The first condition C1: in an original image corresponding to the candidate identification switch image patch, a largest occlusion rate of a bounding box of the candidate identification switch image patch is greater than a predetermined occlusion rate threshold oTh (e.g., 0.5). The original image refers to that, in a process in which multi-target tracking processes an image sequence captured by a camera to output a tracklet, the image sequence contains an image of the candidate identification switch image patch. An occlusion rate of an image patch in the original image can be represented as: in the original image, a ratio of the area of an overlapping area between a bounding box of an overlapping image patch that overlaps with the image patch and a bounding box of the image patch to the area of the bounding box of the image patch. When a concerned image patch (bounding box) does not overlap with other image patches (other bounding boxes) in the original image, an occlusion rate of the concerned image patch is 0. When a concerned image patch (bounding box)) overlaps with a plurality of other image patches (other bounding boxes) in the original image, then since each pair of overlapping image patches has an overlapping area, there are also a plurality of occlusion rates of the concerned image patch, and a largest occlusion rate is a largest one of the plurality of occlusion rates of the concerned image patch. Note that, when a concerned image patch (bounding box) does not overlap with other image patches (other bounding boxes) in the original image, it is regarded that a largest occlusion rate of the concerned image patch is 0. Occlusion would easily lead to identification-switch, and in case of a larger occlusion rate, incorrect target matching would more easily occur, and an incorrect tracklet that has a flaw would occur; thus, this embodiment considers the first condition. For example, in a case where it is determined that the candidate identification switch image patch satisfies the first condition (that is, occlusion has occurred to the candidate identification switch image patch, and the occlusion is severer), it is determined (verified) that it is credible that identification-switch has occurred at the candidate identification switch image patch.
The condition C2: an angle between a moving direction of a target in the candidate identification switch image patch and a moving direction of a target in a later image patch after the candidate identification switch image patch in the tracklet is greater than a predetermined angle threshold aTh. For example, in the tracklet Trk[i], a moving direction of a target in the candidate identification switch image patch Patch[j] is a first direction dir1, a moving direction of a target in a later image patch Patch[j+1] after the candidate identification switch image patch Patch[j] is a second direction dir2, and if an angle between the first direction dir1 and the second direction dir2 is very large (e.g., larger than 90 degrees, or, larger than 150 degrees), it is very possible that incorrect target matching has occurred. A moving direction of a target can be determined, for example, according to a central location (in image coordinate system) of a bounding box (current bounding box) of the image patch and a central location of a previous bounding box. For example, in a case where it is determined that the candidate identification switch image patch satisfies the second condition (that is, a moving direction of a target in the image patch has been greatly changed), it is determined (verified) that it is credible that identification-switch has occurred at the candidate identification switch image patch.

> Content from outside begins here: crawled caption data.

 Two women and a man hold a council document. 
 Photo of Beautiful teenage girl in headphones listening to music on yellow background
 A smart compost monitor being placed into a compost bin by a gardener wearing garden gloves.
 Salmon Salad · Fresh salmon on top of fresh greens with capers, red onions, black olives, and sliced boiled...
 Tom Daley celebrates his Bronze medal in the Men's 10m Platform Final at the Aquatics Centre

The third condition C3: a similarity Sim(Patch1k, Patch2k) between a key image patch Patch1k of a front tracklet Trk1 and a key image patch Patch2k of a back tracklet Trk2 is less than a predetermined image patch similarity threshold pTh. The similarity Sim(Patch1k, Patch2k) can be a cosine similarity between re-identification features F1k and F2k, wherein, F1k is a re-identification feature of the key image patch Patch1k, and F2k is a re-identification feature of the key image patch Patch2k. The front tracklet Trk1 is a subtracklet before the candidate identification switch image patch Patch-sc in the tracklet Trk[i]. For example, if the candidate identification switch image patch is Patch[j], then Trk1 is an image patch sequence composed of Patch[jStart] to Patch[j−1]. The back tracklet Trk2 is a remaining subtracklet other than the front tracklet Trk1 in the tracklet. For example, if the candidate identification switch image patch is Patch[j], then Trk2 is an image patch sequence composed of Patch[j] to Patch[jEnd].
A key image patch of a subtracklet sTrk in the front tracklet Trk1 and the back tracklet Trk2 is determined by: determining an r-value of each image patch in the subtracklet sTrk; and selecting an image patch with a largest r value as a key image patch of the subtracklet sTrk. Where r is associated with d, o and h/H_max. For example, r can be determined according to Equation (6).
r=d−o+h/H_max (6)
Where, d is detection confidence of a bounding box of the image patch; o is an occlusion rate of the bounding box of the image patch; h is a height of the bounding box; and H_max is a maximum bounding box height in the subtracklet. In a variant example, r is the weighted sum of “d”, “-o”, “h/H_max”. For example, in a case where it is determined that the candidate identification switch image patch satisfies the third condition (that is, a re-identification feature of a key image patch has been greatly changed), it is determined (verified) that it is credible that identification-switch has occurred at the candidate identification switch image patch.
With regard to verifying that identification-switch has occurred at the candidate identification switch image patch, it is possible to design a predetermined rule based on the first condition C1, the second condition C2, and the third condition C3 to improve the accuracy of verification. The predetermined rule can be artificially set based on experience, and can also be given through learning using a decision tree. The predetermined rule can consider all the three conditions. It is possible to use samples to perform learning, and a result given by the learning includes, preferably, a predetermined occlusion rate threshold oTh, a predetermined angle threshold aTh, and a predetermined image patch similarity threshold pTh.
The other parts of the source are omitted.